Short descriptive text snippets:
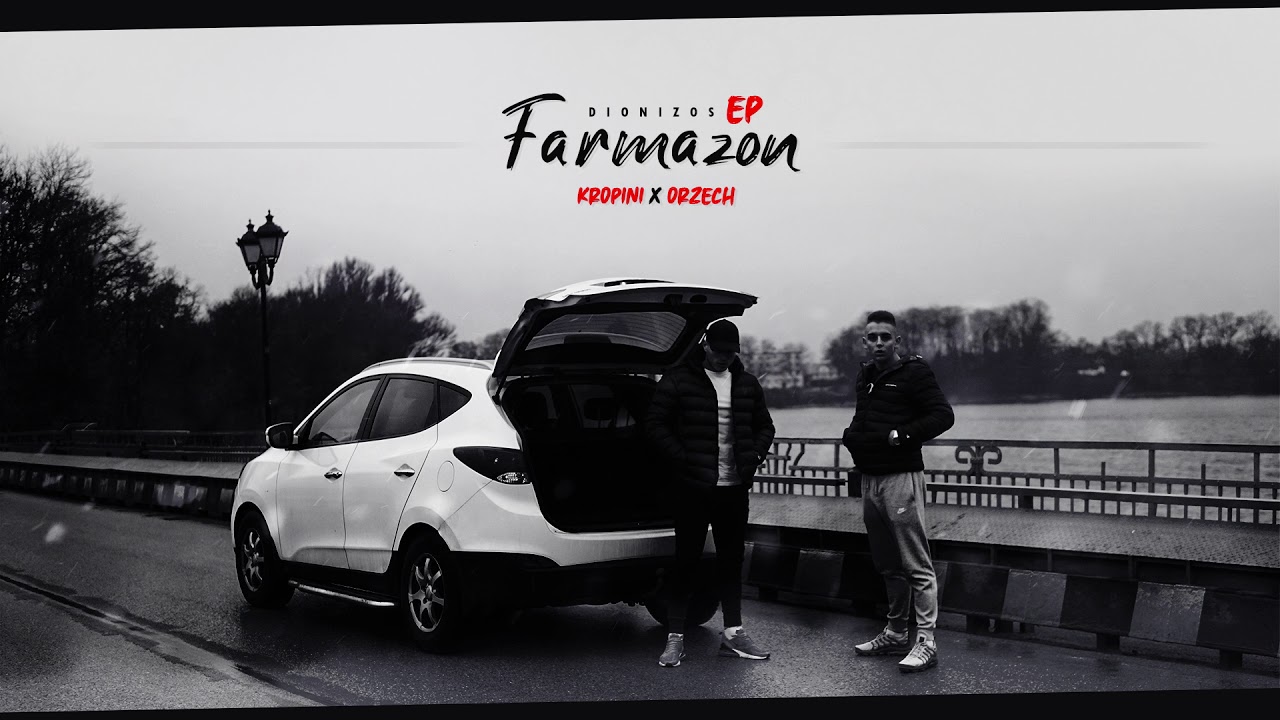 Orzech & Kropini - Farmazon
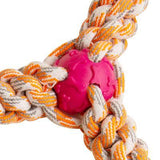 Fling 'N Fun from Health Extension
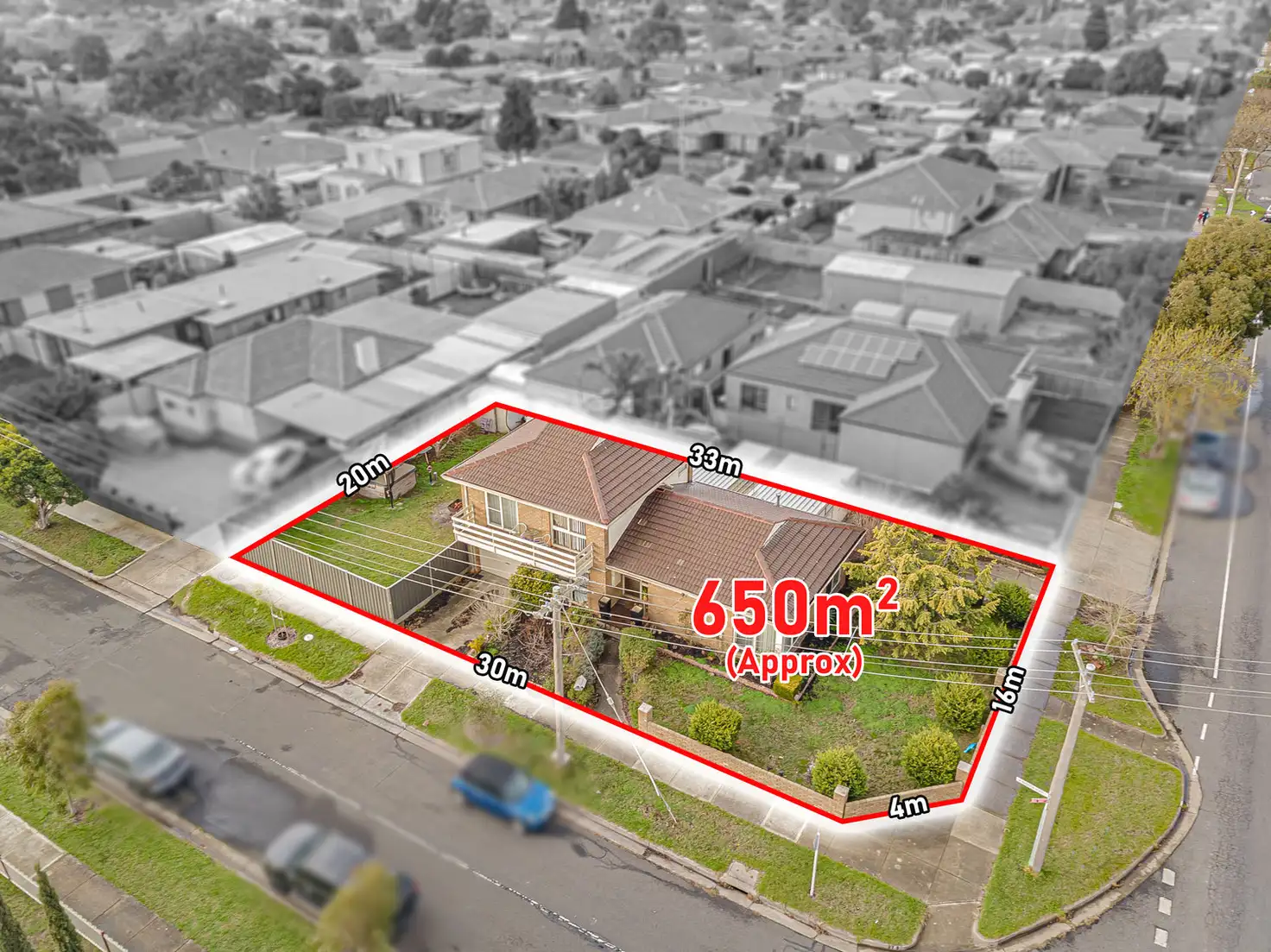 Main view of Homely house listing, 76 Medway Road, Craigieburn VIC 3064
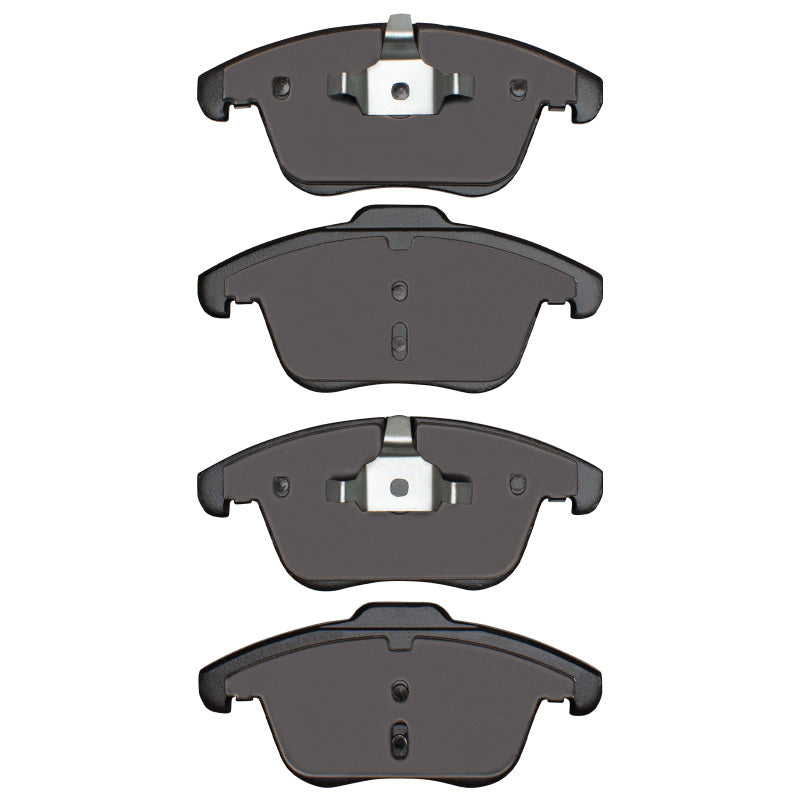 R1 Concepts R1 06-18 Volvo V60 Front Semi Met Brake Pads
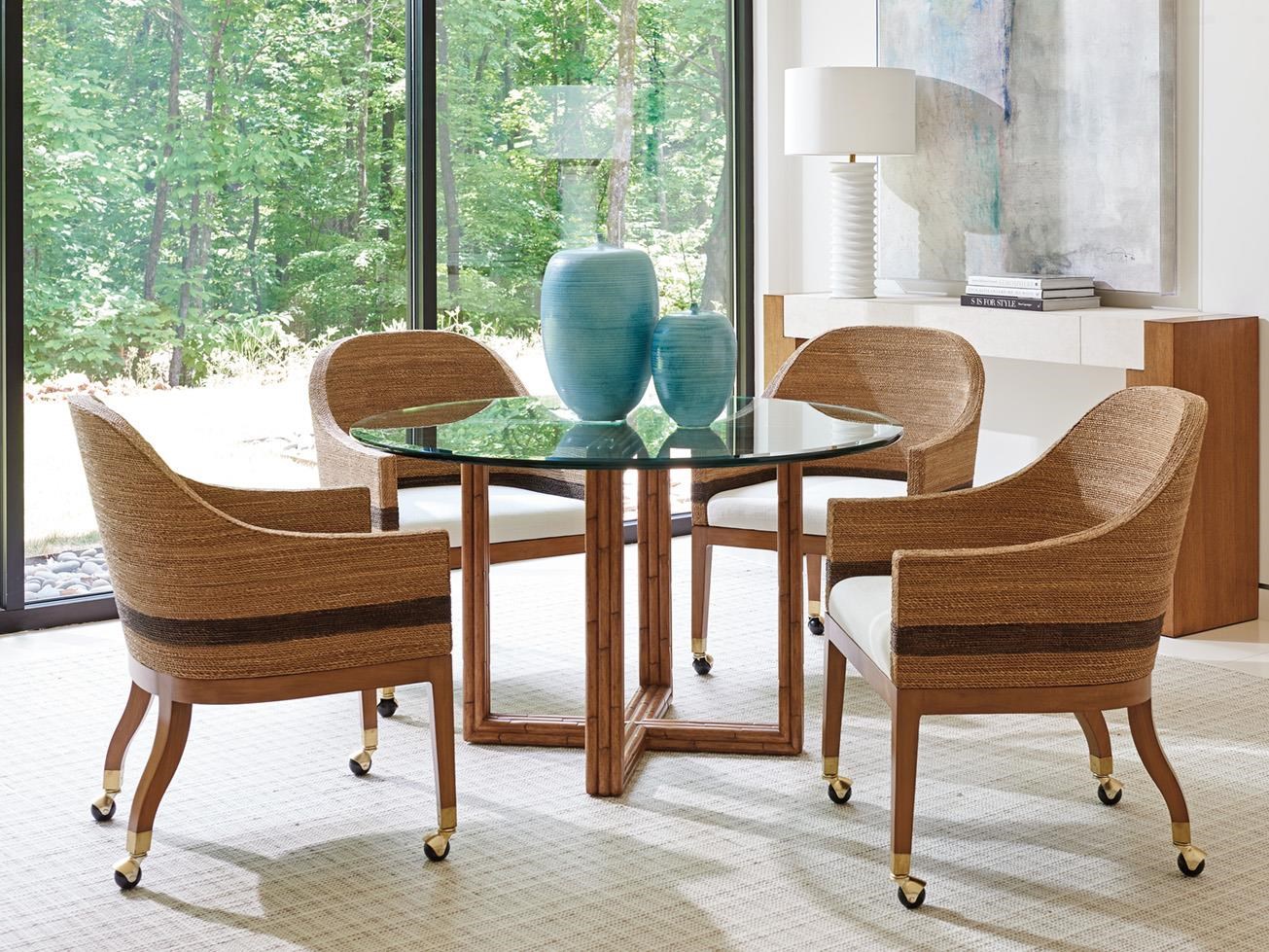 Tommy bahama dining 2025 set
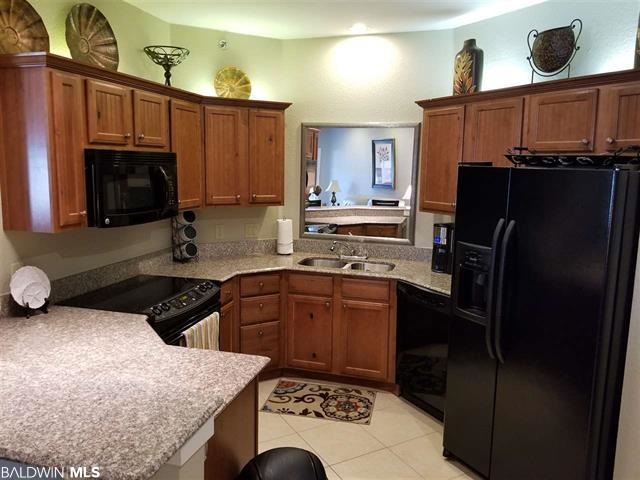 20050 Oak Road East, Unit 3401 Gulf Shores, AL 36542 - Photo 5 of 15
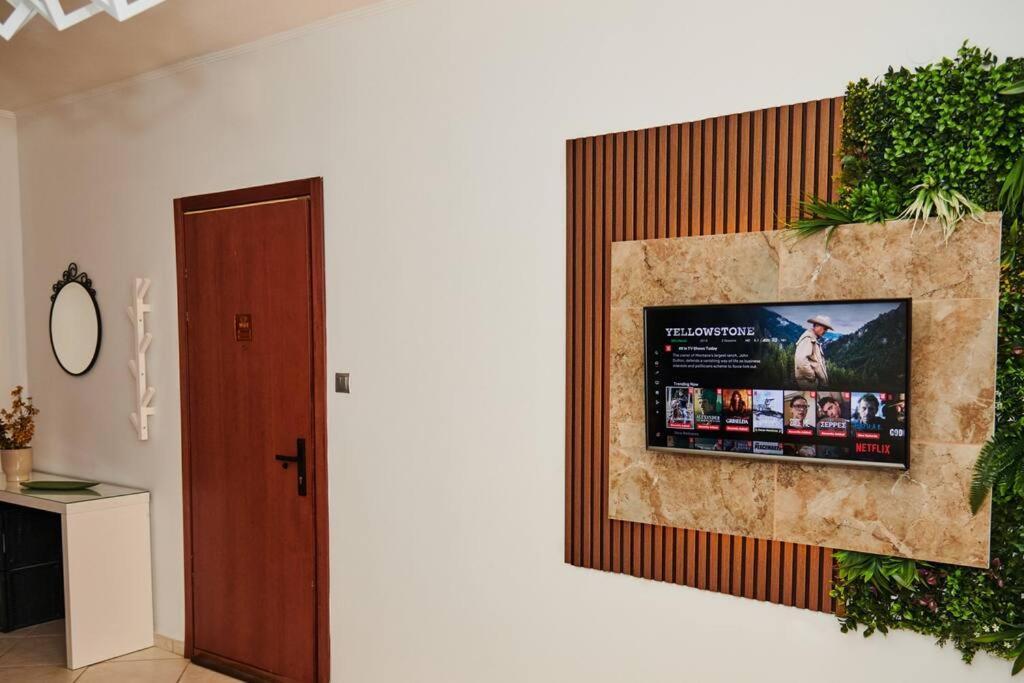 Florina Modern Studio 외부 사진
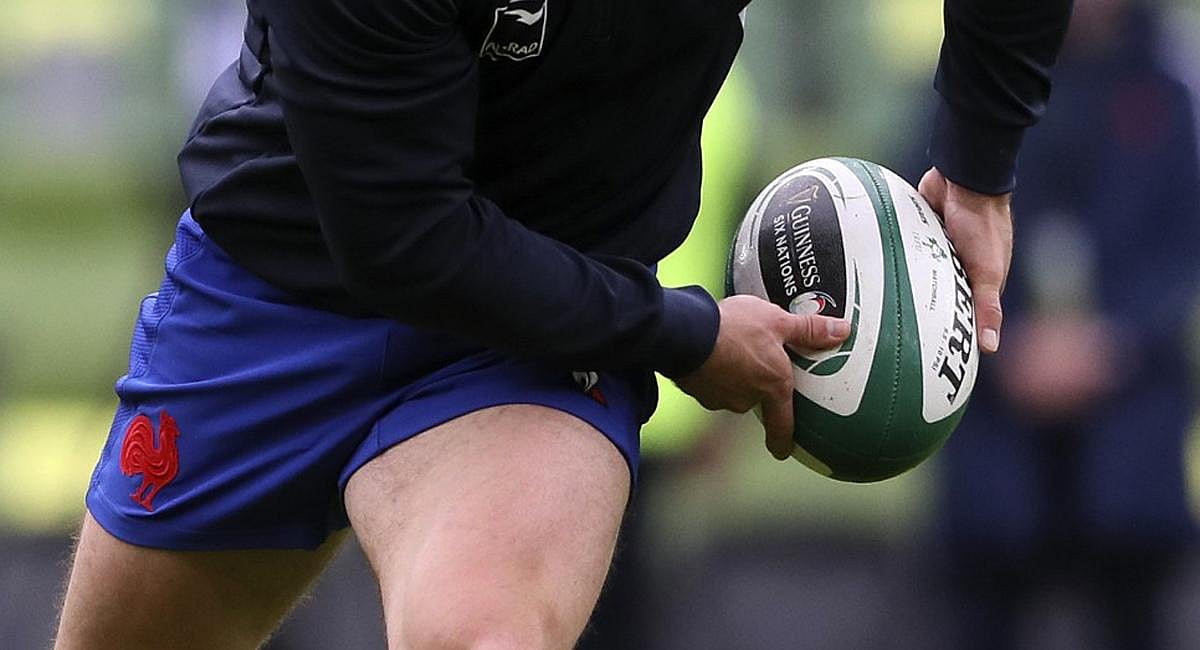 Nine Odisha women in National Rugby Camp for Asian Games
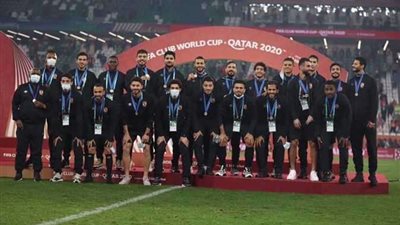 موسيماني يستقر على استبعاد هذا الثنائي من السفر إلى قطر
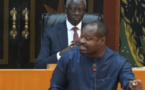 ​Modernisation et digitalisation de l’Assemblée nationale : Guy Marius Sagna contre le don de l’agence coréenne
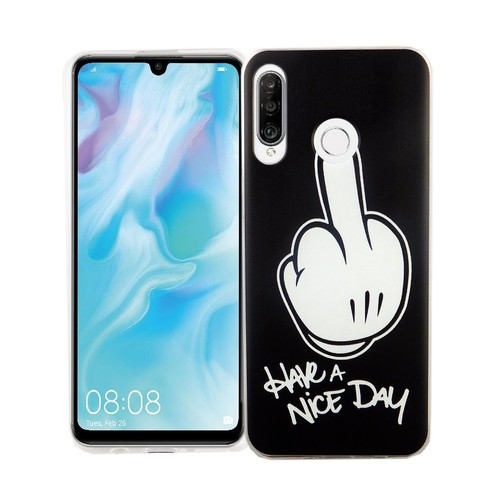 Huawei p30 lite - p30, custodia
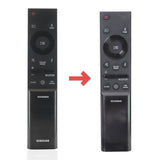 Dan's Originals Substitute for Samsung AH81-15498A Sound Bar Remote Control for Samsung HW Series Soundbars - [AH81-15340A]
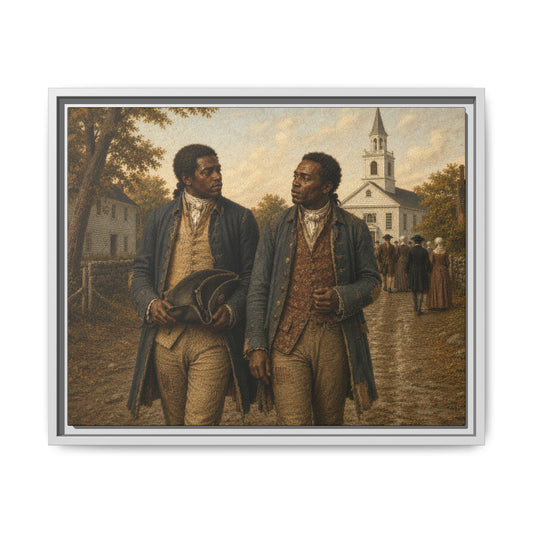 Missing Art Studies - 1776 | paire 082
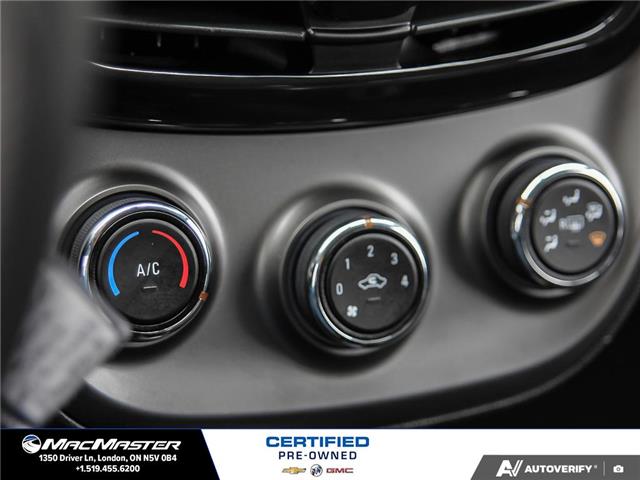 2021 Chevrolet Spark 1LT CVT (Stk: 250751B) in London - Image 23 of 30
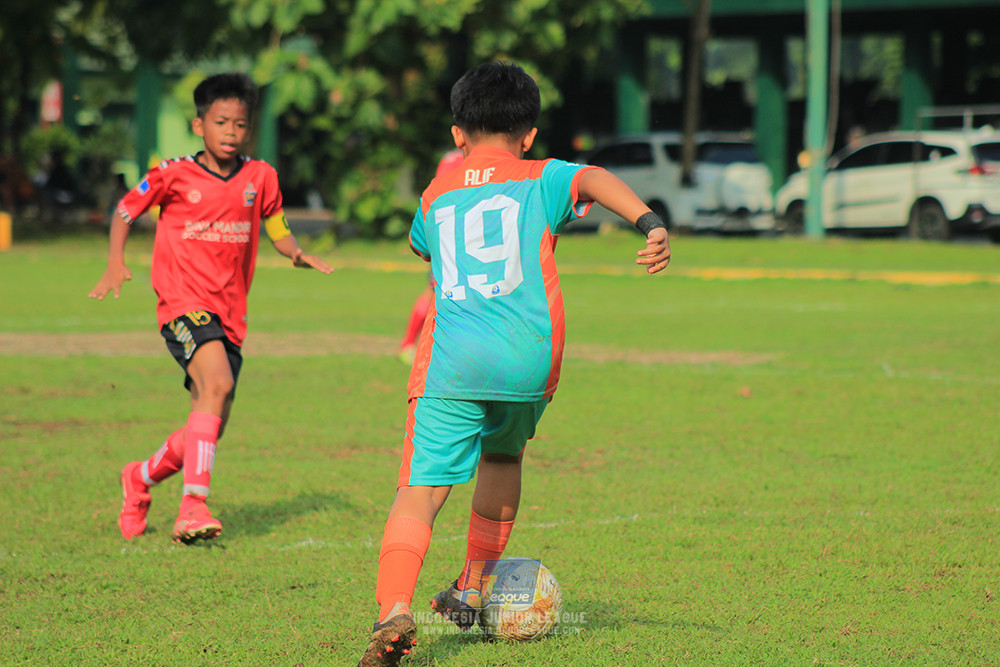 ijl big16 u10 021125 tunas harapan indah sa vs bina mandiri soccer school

Your assignment:
Repeat the records word for word. Any picture in them should be left out.

Solved exercise:
 Orzech & Kropini - Farmazon
 Fling 'N Fun from Health Extension
 Main view of Homely house listing, 76 Medway Road, Craigieburn VIC 3064
 R1 Concepts R1 06-18 Volvo V60 Front Semi Met Brake Pads
 Tommy bahama dining 2025 set
 20050 Oak Road East, Unit 3401 Gulf Shores, AL 36542 - Photo 5 of 15
 Florina Modern Studio 외부 사진
 Nine Odisha women in National Rugby Camp for Asian Games
 موسيماني يستقر على استبعاد هذا الثنائي من السفر إلى قطر
 ​Modernisation et digitalisation de l’Assemblée nationale : Guy Marius Sagna contre le don de l’agence coréenne
 Huawei p30 lite - p30, custodia
 Dan's Originals Substitute for Samsung AH81-15498A Sound Bar Remote Control for Samsung HW Series Soundbars - [AH81-15340A]
 Missing Art Studies - 1776 | paire 082
 2021 Chevrolet Spark 1LT CVT (Stk: 250751B) in London - Image 23 of 30
 ijl big16 u10 021125 tunas harapan indah sa vs bina mandiri soccer school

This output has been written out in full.